Au cours des années 1990, le Mouvement Desjardins procède à d’importantes réformes de structures, avec des regroupements, des fusions et des rationalisations. Le nombre de caisses en milieu de travail diminue, mais elles conservent leur originalité et leur spécificité. Il y a, entre autres, celles des policiers, de la culture, de l’éducation, de la santé, de la CSN.

À compter des années 2000, une quinzaine de caisses desservant des groupes de syndiqués FTQ se fusionnent pour former la Caisse des Travailleuses et Travailleurs unis. En 2004, elle fait preuve d’une belle audace en faisant l’acquisition des actifs de la Banque Nationale à Fermont. « Nous sommes la seule institution financière sur place. On dessert les 1500 travailleurs d’Arcelor Mittal, mais aussi les 3 000 résidants », de souligner Guy et Réjean.

Pour eux, une succursale de leur caisse a sa place dans une entreprise au même titre qu’une garderie ou un gymnase. « Nous avons, par exemple, un point de service à l’aluminerie de Bécancour, à Postes Canada, à l’usine d’Arcelor Mittal à Contrecoeur. On connaît le salaire des travailleurs, leur convention collective, leur fonds de pension. On peut les aider à se préparer à la retraite. On a aussi une entente avec La Personnelle pour leur offrir l’assurance-habitation, l’assurance-auto. »

Un autre avantage avec les caisses des travailleurs, c’est qu’elles peuvent utiliser les fameux « trop perçus » pour soutenir des causes sociales. « Notre conseil d’administration, qui est modelé sur celui de la FTQ, en ce sens que les principales organisations syndicales de la FTQ y sont représentées, a pris comme orientation d’aider des médias sociaux, comme l’aut’journal, des initiatives comme le centre d’archives syndicales ou encore la francisation des immigrants, la formation des délégués sociaux de la FTQ, ou de soutenir certains événements par la production de documents », précisent-ils.
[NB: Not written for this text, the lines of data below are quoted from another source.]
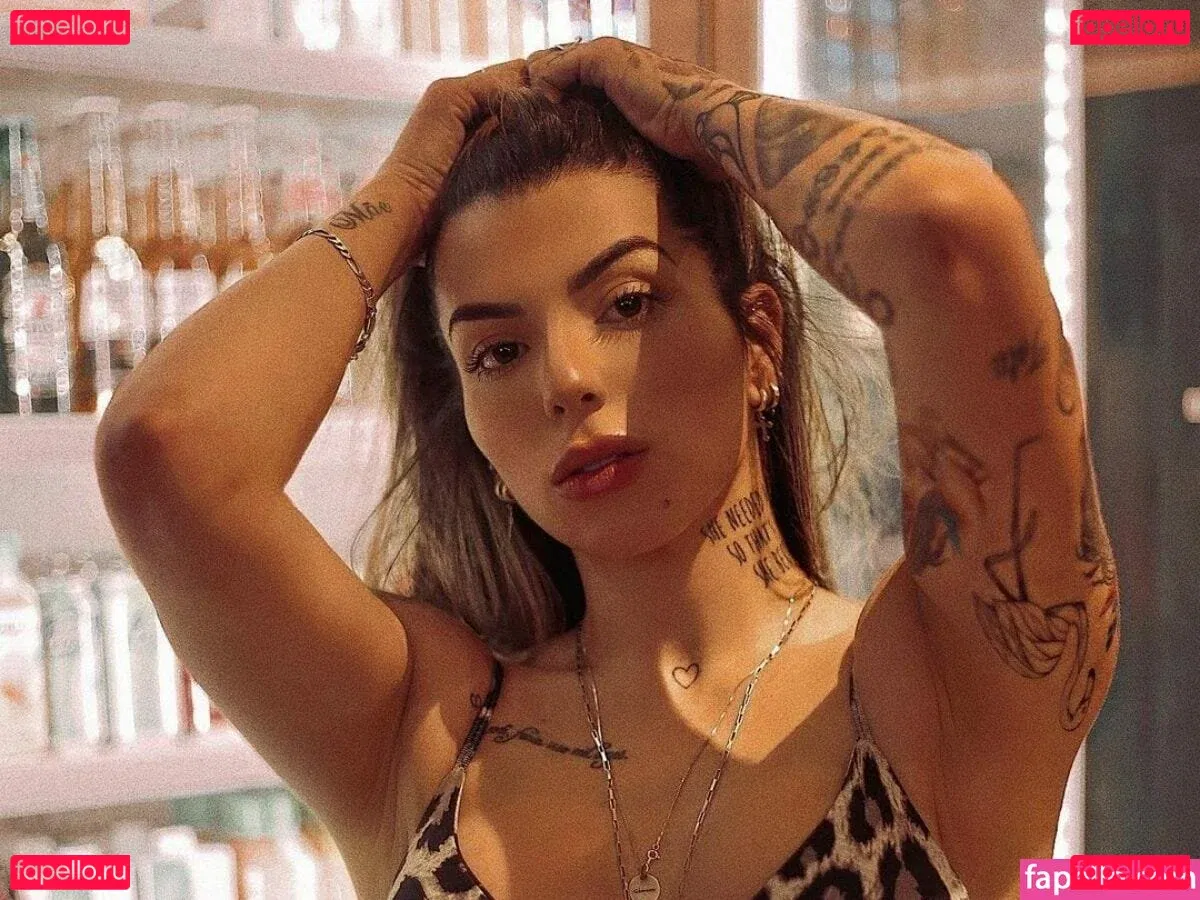 Petra Mattar Onlyfans Photo Gallery 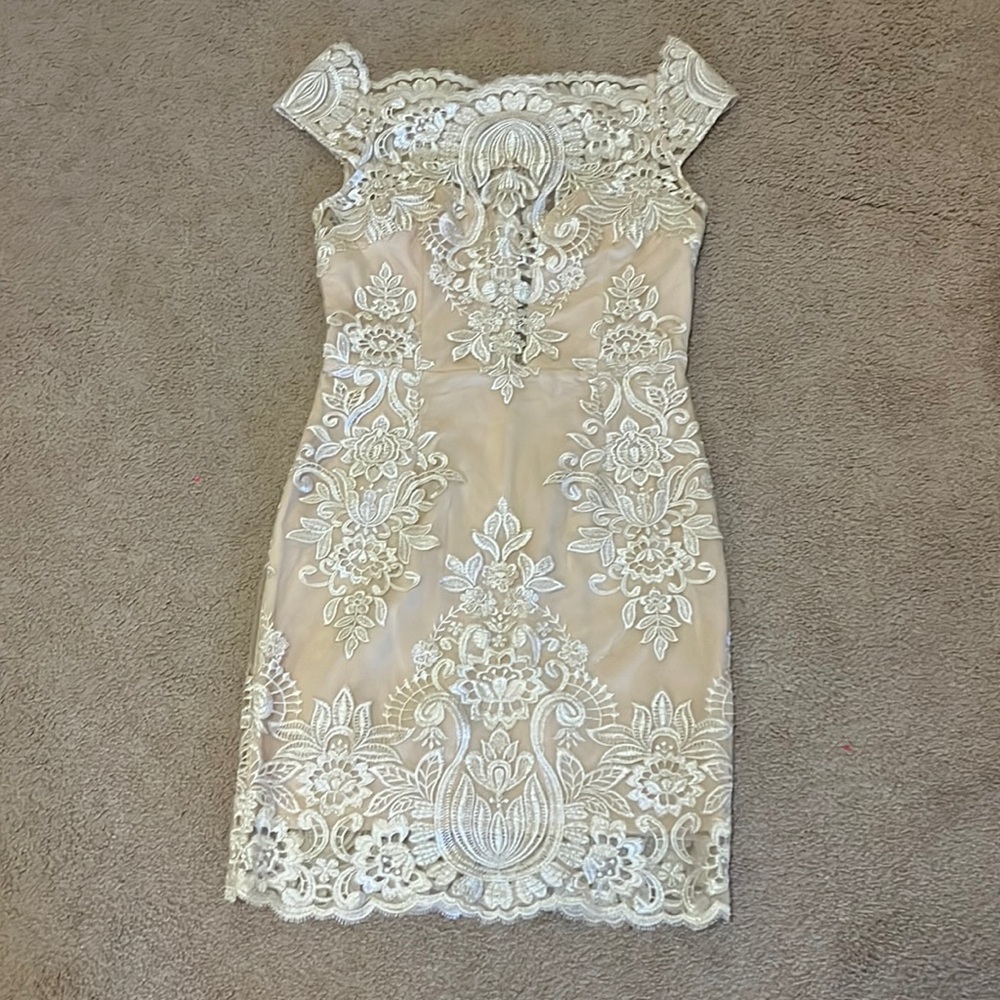 Soieblu sheer lace formal dress size L fits like a small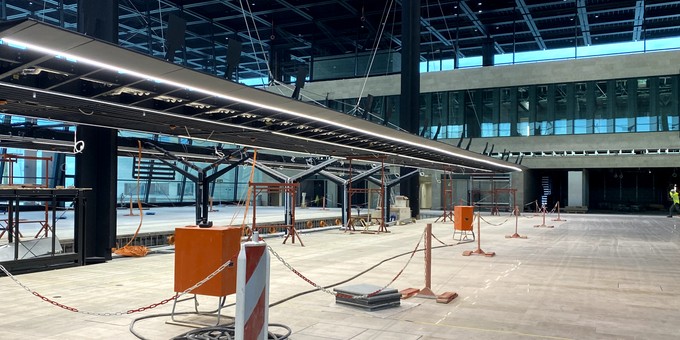 Insgesamt entstehen in der Halle vier Check-in-Inseln mit 112 Check-in-Schaltern und -Automaten.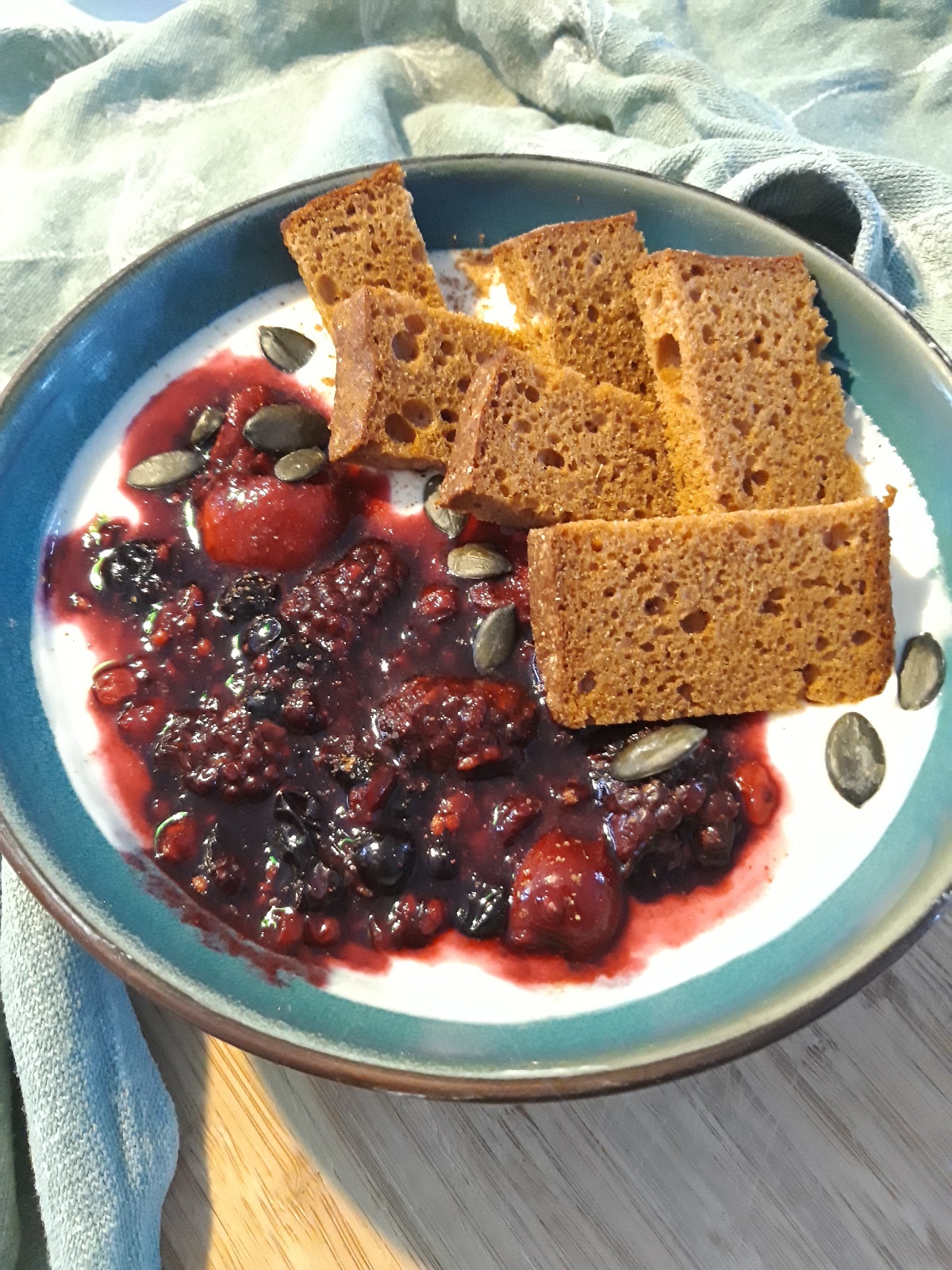 Yoghurt - peperkoek bowl met warm rood fruit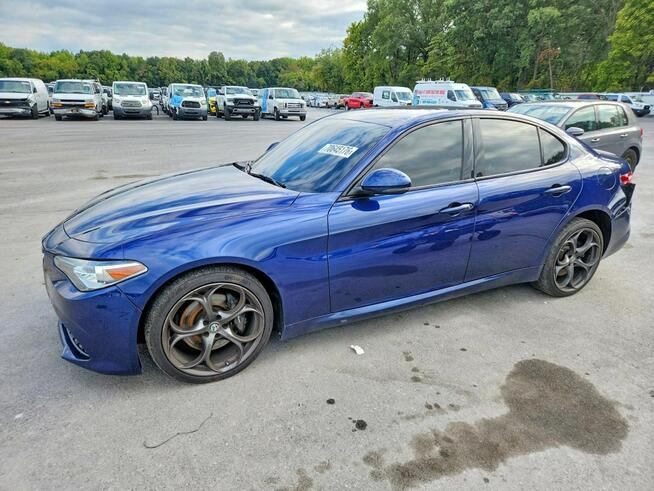 Alfa Romeo Giulia Wersja Ti / AWD / niski przebieg Warszawa - zdjęcie 3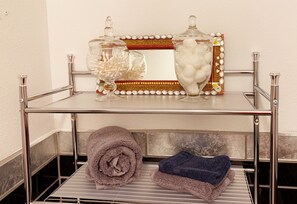 1 slaapkamer, een bureau, gratis wifi, beddengoed
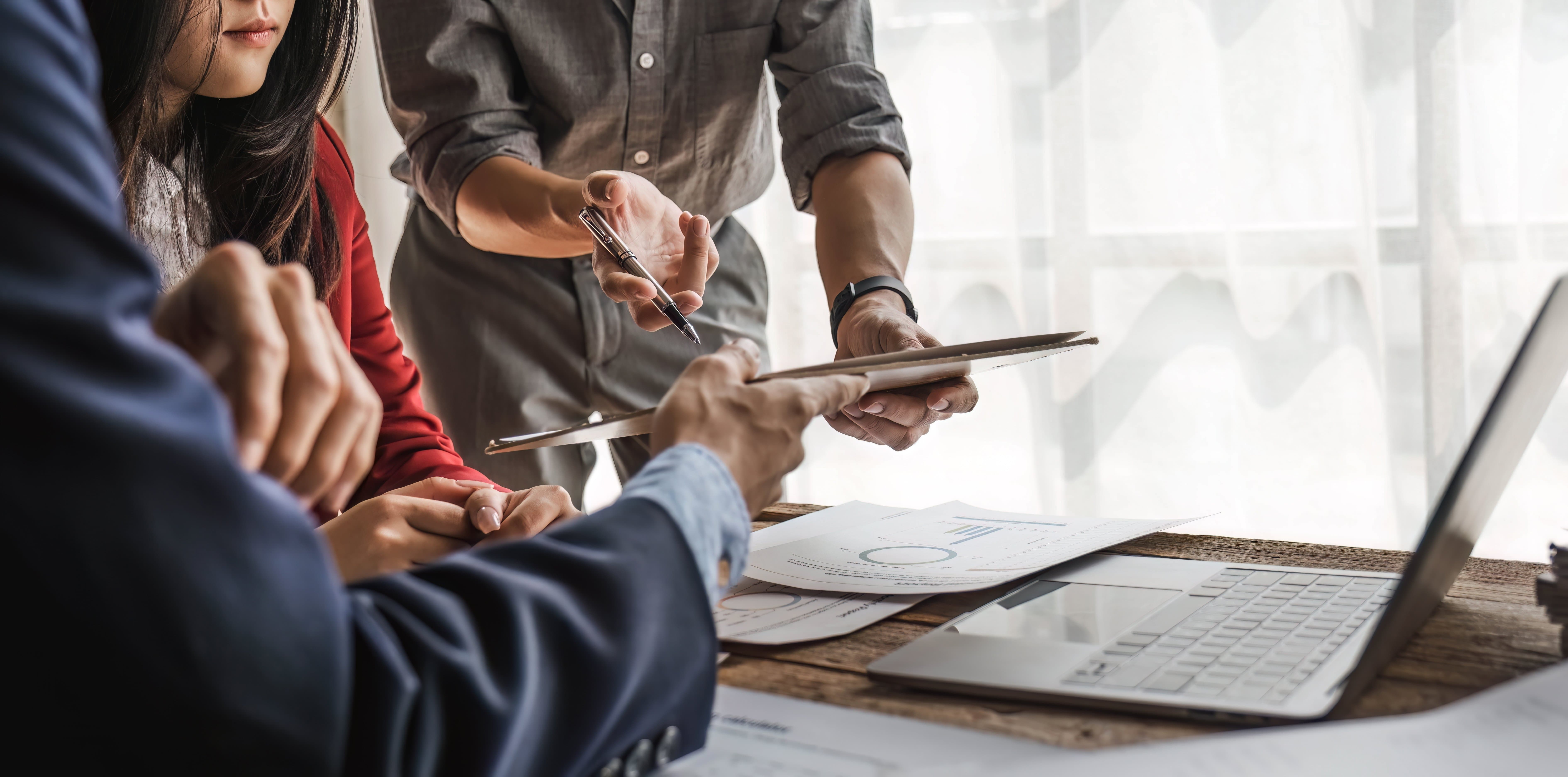 servicios devops y gestión de proyectos en la banca
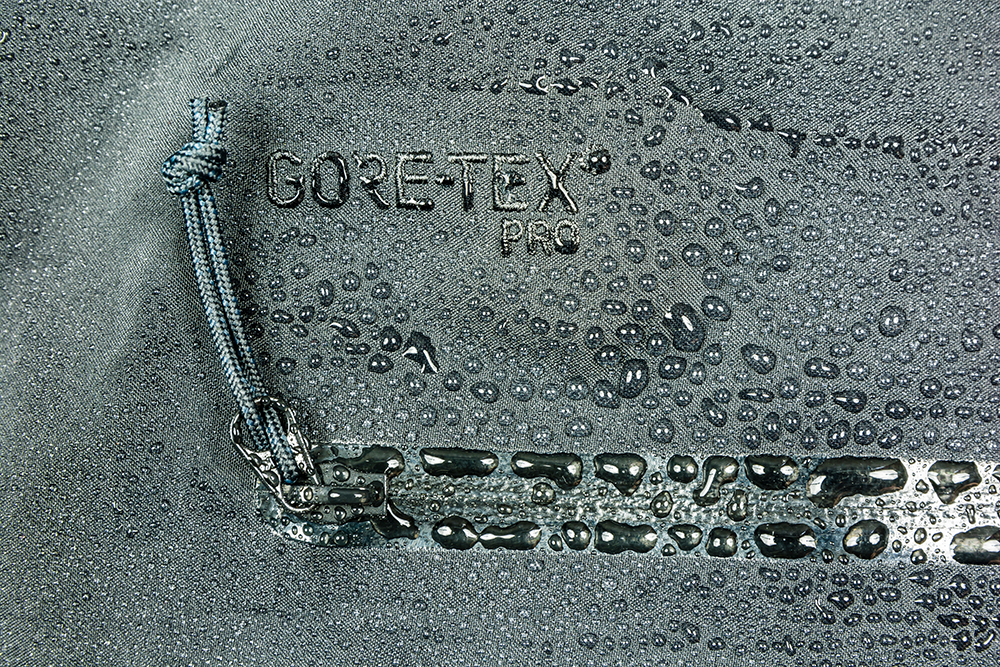Gouttes d’eau sur tissu Gore-Tex, illustrant son imperméabilité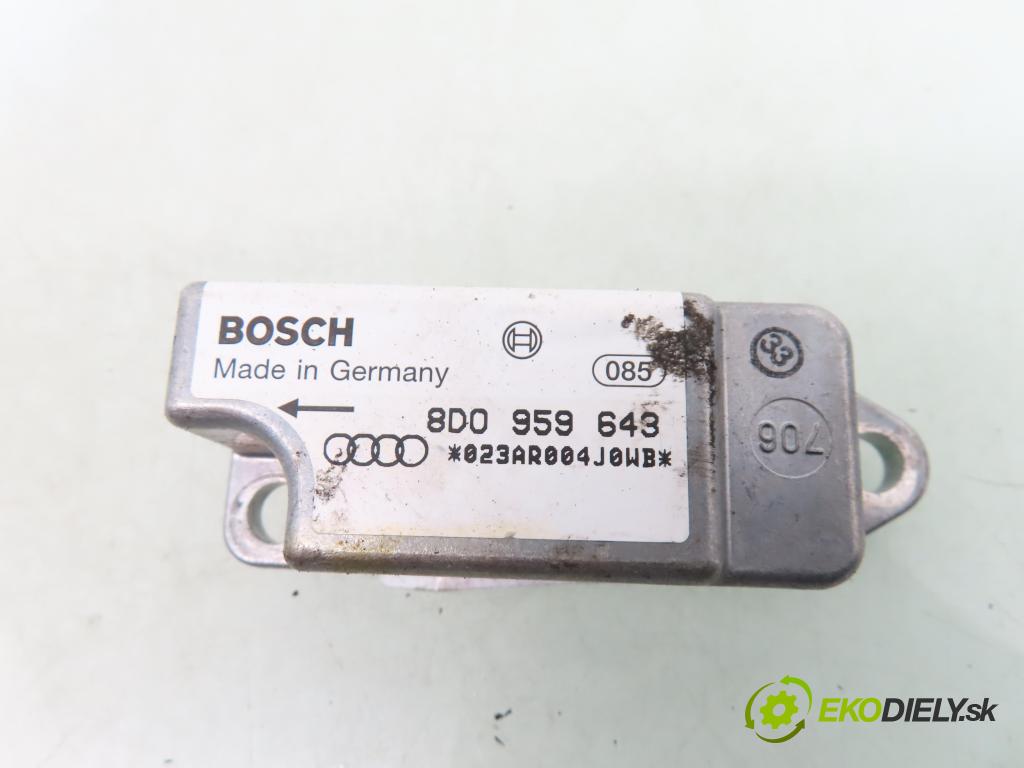 AUDI A4 (8D2, B5) KOMBI 1997 92,00 1.8 - ADR 1781,00 Snímač nárazu 8D0959643 ; 0285001212 (Snímač nárazu)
Avec le déclin du secteur industriel et la diminution du nombre de travailleurs par milieu de travail, les caisses des travailleurs doivent prendre un important virage. « Il nous faut être plus mobile. Nous le faisons déjà dans le cas de la construction et d’autres syndicats. Nous avons sept points de service avec des employés permanents, mais aussi 15 autres mobiles. Ce qui nous permet de couvrir un territoire qui va de l’Outaouais à Fermont », soulignent Guy et Réjean en me montrant fièrement la photo du nouveau point de service qu’ils ouvrent le mois prochain sur la Côte-de-liesse. Nul doute, les Caisses d’économie des travailleurs sont promis à un bel avenir.